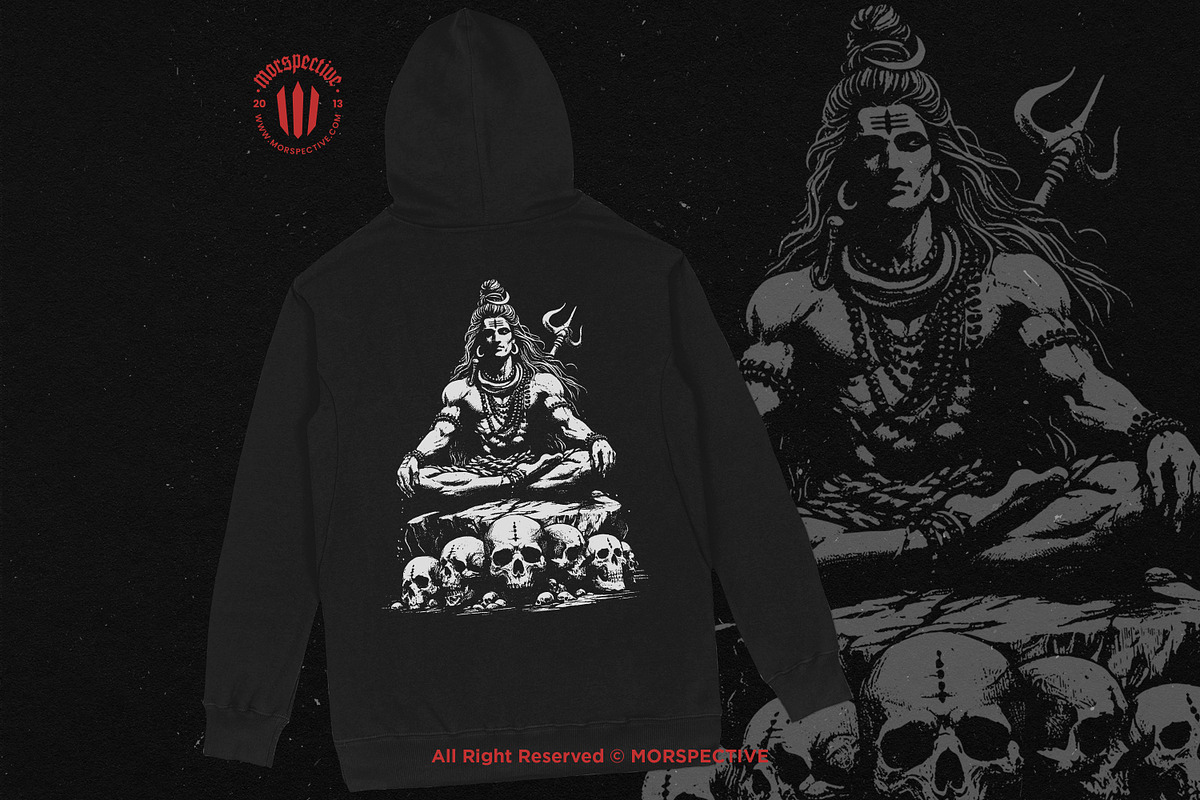 10 Bundle Dark Art Shiva God Hindu, an Illustration by Morspective (Photo 4 of 7)
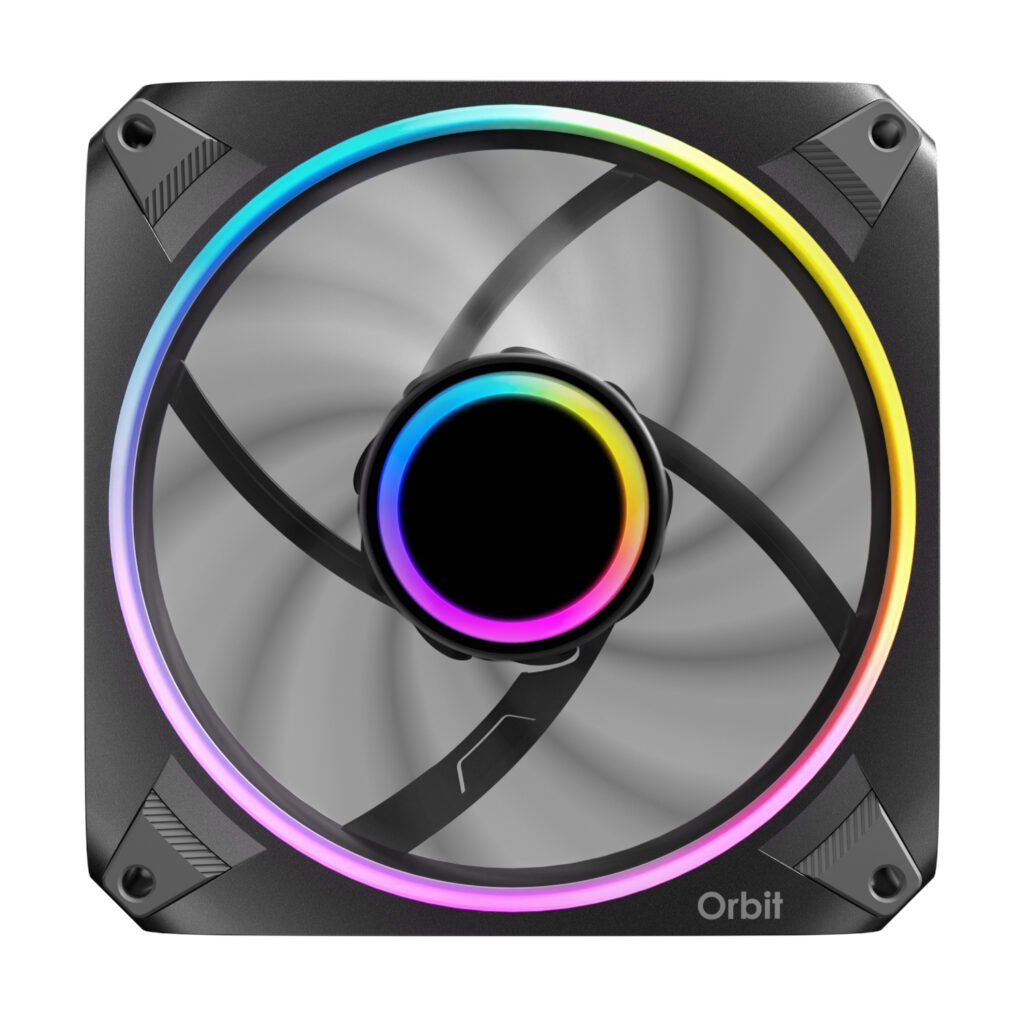 Antec ORBIT PWM 120mm ARGB Black Fan 3 Pack 4 Antec ORBIT PWM 120mm ARGB Black Fan 3 Pack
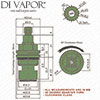 CC5 Tap Cartridge Cold Diagram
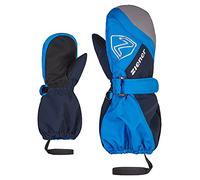 Ziener Guanti da sci unisex per neonati, impermeabili, riflettenti, blu scuro, 104 cm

**Work request:** An exact copy of the material above is required, minus its images.

**Answer box:**
 10 Bundle Dark Art Shiva God Hindu, an Illustration by Morspective (Photo 4 of 7)
 Antec ORBIT PWM 120mm ARGB Black Fan 3 Pack 4 Antec ORBIT PWM 120mm ARGB Black Fan 3 Pack
 CC5 Tap Cartridge Cold Diagram
 Ziener Guanti da sci unisex per neonati, impermeabili, riflettenti, blu scuro, 104 cm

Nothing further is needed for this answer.